# ankle pain



## PoohLP (Jan 15, 2009)

When I first started riding again after several years (like 10!) my ankles hurt too, a lot, even just posting trot. Make sure your irons aren't twisted on your foot. The foot of the iron should line up with the line on your boot and your boot line should also be right over the foot pad on the stirrup. That will make sure your weight is evenly distributed. Once I got my irons straight and placed right, the pain when away, literally in a matter of minutes, after a couple weeks of struggling with it. Don't know if that will help you, but worth a try!


----------



## Loosewolf (Oct 31, 2008)

I found two things with that...
I discovered long ago that one of my saddles was actually way too far forward a seat for posting/ standing...What that was, unknown to me at the time, was the stirrup position was 4 inches AHEAD of my center hip position.
This would force me to lean too hard on my ankles, and pain was the result. I have to have (so should everybody really) the stirrup exactly under your balance center-point.

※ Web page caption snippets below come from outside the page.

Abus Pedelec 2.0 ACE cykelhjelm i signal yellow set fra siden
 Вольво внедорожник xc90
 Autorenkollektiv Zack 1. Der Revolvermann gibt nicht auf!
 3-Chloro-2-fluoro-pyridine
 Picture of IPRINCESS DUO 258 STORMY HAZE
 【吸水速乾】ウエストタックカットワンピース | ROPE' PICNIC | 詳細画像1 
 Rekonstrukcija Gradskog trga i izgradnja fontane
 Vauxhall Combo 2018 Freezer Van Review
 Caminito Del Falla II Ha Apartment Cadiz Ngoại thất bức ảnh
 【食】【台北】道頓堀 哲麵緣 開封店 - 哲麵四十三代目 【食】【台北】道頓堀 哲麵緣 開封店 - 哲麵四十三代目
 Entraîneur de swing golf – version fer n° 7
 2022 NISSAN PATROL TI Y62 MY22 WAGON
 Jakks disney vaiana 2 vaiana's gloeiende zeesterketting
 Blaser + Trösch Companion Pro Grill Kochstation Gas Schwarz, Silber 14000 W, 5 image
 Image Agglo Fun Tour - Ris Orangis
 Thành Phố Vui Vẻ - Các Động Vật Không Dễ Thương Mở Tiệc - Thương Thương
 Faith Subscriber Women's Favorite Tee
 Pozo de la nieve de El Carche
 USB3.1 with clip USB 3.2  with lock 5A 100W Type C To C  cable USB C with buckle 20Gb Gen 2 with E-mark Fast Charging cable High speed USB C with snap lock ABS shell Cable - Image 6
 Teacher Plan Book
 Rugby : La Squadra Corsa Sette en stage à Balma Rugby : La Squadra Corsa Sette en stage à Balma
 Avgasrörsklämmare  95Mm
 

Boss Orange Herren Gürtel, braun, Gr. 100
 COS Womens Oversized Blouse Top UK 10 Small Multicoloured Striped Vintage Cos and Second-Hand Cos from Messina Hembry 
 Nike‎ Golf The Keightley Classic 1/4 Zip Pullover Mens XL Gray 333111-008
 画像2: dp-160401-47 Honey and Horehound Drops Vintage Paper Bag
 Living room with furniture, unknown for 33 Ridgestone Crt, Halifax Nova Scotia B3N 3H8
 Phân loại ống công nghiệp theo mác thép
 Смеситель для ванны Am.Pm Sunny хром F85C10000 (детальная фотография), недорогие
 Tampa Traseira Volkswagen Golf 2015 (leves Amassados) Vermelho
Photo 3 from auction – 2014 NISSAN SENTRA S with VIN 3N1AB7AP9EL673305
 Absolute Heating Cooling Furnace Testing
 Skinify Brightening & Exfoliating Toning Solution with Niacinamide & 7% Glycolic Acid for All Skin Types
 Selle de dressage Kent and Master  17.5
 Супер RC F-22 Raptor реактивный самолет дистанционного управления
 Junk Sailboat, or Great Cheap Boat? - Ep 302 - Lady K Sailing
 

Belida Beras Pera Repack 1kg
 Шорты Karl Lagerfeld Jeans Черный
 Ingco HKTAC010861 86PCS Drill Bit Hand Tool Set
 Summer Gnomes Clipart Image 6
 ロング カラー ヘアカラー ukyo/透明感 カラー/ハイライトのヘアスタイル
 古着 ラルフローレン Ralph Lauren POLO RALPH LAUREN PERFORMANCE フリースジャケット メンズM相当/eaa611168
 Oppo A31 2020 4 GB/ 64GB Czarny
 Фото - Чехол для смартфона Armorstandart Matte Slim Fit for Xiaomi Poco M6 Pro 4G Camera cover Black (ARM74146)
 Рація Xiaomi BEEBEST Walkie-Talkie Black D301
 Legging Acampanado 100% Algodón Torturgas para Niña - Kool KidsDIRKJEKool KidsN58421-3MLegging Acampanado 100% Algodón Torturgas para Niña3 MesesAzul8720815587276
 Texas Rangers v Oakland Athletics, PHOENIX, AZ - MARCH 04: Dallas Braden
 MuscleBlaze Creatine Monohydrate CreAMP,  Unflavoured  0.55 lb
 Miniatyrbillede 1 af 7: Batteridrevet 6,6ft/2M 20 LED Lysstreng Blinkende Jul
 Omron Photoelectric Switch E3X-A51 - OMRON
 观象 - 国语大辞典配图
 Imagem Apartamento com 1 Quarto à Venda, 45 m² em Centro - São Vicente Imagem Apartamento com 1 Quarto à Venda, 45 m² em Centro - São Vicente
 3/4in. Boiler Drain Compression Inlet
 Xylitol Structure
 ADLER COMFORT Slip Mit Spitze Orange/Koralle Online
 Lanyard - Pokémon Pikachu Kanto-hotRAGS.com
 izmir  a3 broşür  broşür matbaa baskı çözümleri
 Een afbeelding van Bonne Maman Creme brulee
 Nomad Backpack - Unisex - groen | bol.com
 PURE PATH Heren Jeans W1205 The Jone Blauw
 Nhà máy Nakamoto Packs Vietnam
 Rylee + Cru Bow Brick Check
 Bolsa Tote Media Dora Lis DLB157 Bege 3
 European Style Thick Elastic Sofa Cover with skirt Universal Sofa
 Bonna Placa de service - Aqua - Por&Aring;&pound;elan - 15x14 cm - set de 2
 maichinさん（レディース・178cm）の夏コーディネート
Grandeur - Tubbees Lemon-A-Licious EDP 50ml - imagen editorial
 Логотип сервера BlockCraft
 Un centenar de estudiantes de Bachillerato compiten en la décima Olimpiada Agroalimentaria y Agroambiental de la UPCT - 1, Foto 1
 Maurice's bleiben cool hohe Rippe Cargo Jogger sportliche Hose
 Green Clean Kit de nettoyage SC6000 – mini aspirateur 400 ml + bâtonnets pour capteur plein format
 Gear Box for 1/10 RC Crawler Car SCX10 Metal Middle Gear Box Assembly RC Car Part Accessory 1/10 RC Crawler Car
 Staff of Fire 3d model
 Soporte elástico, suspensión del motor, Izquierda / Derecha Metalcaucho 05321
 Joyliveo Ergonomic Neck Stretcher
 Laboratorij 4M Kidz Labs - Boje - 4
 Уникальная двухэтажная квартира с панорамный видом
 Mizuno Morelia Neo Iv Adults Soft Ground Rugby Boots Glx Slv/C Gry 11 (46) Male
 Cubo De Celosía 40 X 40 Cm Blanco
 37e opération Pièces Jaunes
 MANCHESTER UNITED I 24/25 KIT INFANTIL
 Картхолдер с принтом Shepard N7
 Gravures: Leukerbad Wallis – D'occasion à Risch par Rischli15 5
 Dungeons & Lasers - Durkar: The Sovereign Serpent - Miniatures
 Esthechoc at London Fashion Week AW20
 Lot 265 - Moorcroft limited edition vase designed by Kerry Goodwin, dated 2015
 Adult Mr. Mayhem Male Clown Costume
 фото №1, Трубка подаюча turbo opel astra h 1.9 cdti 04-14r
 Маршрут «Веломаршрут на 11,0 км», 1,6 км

The Imaginary vertical line from your shoulders through your feet. Otherwise, your not on balance, and your weight isn't being put ON the stirrups correctly.
I also discovered that I have bowed legs, and a generally strange lower-leg anatomy.It doesn't allow me to put my feet directly straight forward. I just cannot point my toes straight to the front.This too doesn't help with pain.
Some people (maybe you too) can overcome this with stretching and additional workout exercises (these can be googled for your purposes, if you wish). I also wonder, has any Physician had a looky at your ankles?...No physical problems, right?
ANYWAY, good luck -Lw


----------



## Gillian (Aug 2, 2008)

I've had ankle pain for years, and i'm only 17!
I started wearing an ankle brace/wrap thing on my weak ankle and it gives it the support it needs while riding. I would try wearing an ankle brace or wrap and see if it helps any.

:]


----------